Following on from our previous article on the ‘Progression of 2012 reforms’, we can now expand on the various topics covered in the consultation on 'Workplace Pension Reform - Completing the Picture'.

Transitional Arrangements
To reduce the impact of automatic enrolment on employers, the Government has set out a series of transitional measures to help ease the introduction of these provisions.

  • Staged process for entering employers into the automatic enrolment regime

This process will occur in monthly stages over a three year period from October 2012 to September 2015. Employers will be split into approximately 25-30 groups based on the number of employees in their PAYE scheme(s), with the largest employers having to comply first with the new automatic enrolment duties.

Each group will be given a ‘staging date’ by the Pensions Regulator, although an employer will be able to apply for an earlier date if they so wish. The Regulator will issue a reminder including details of the employer duties 12 months, and again at 3 months, before this date.

  • Phased minimum contributions

Employers using a defined contribution scheme will only be required to pay contributions of at least 1% (in total 2%) of the jobholder’s qualifying earnings up to the end of the staging process (i.e. September 2015), increasing to at least 2% (in total 5%) for the following year and at least 3% (in total 8%) thereafter.

Within the enrolment information provided by the employer, the jobholder must be informed of any changes in contribution rates as a result of this phasing.

  • Transitional arrangements for defined benefit and hybrid schemes

Where an employer runs a qualifying defined benefit or hybrid scheme, then they will be able to defer automatic enrolment until the end of the staging process for jobholders that are eligible to join throughout this period.

Opting In
Workers that fall outside of the automatic enrolment age band (i.e. over age 16 and under 22, or over State Pension Age but under 75) will be able to opt in to a qualifying scheme and receive an employer contribution where they have qualifying earnings.

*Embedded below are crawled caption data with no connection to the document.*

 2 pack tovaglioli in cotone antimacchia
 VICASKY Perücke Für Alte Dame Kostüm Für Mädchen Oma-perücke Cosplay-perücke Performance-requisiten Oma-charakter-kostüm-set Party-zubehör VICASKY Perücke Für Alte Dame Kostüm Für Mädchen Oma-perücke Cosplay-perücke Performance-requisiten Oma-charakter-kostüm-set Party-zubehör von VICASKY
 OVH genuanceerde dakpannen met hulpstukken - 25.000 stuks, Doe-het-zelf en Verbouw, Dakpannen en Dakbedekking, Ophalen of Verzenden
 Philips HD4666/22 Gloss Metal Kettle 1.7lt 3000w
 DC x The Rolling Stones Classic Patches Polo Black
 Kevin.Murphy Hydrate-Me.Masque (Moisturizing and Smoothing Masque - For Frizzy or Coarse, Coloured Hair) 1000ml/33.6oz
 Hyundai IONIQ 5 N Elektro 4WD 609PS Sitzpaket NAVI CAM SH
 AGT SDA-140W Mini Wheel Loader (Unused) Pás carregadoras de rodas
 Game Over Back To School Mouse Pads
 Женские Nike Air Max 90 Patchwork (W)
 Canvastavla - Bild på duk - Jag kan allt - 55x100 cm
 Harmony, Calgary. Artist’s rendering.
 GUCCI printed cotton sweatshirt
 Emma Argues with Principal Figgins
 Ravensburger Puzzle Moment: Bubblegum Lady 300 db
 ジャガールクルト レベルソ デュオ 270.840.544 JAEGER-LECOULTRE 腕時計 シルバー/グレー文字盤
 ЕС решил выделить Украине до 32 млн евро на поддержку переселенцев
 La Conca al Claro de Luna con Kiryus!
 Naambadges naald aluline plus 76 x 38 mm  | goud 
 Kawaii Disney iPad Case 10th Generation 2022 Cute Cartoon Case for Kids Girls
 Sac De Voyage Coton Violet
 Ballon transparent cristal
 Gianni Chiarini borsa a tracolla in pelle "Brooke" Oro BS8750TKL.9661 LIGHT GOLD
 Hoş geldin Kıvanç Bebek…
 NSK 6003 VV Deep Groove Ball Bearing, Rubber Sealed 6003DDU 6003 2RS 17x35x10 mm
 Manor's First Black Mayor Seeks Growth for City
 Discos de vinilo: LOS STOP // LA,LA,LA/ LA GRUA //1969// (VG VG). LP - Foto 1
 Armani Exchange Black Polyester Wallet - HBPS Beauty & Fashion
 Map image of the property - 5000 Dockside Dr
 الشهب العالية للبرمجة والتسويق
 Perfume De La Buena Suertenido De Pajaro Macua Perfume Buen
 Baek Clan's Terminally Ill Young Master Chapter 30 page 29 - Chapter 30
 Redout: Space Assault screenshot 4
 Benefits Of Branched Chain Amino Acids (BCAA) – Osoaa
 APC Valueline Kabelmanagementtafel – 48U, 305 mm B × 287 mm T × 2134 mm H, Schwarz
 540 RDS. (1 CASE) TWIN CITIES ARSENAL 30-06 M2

Workers earning less than qualifying earnings will be able to request that their employer enters them into a tax registered pension scheme (not necessarily a qualifying scheme), but no employer contribution will be required.

Automatic Re-enrolment
Jobholders will have to be automatically re-enrolled every three years if they continue to work for the same employer. The employer will only have to carry out one re-enrolment exercise every three years based on their staging date (and not, for example, based on the date an individual jobholder opted out).

An exception to re-enrolment will be made where the jobholder has opted out of a qualifying scheme within 12 months of the re-enrolment date.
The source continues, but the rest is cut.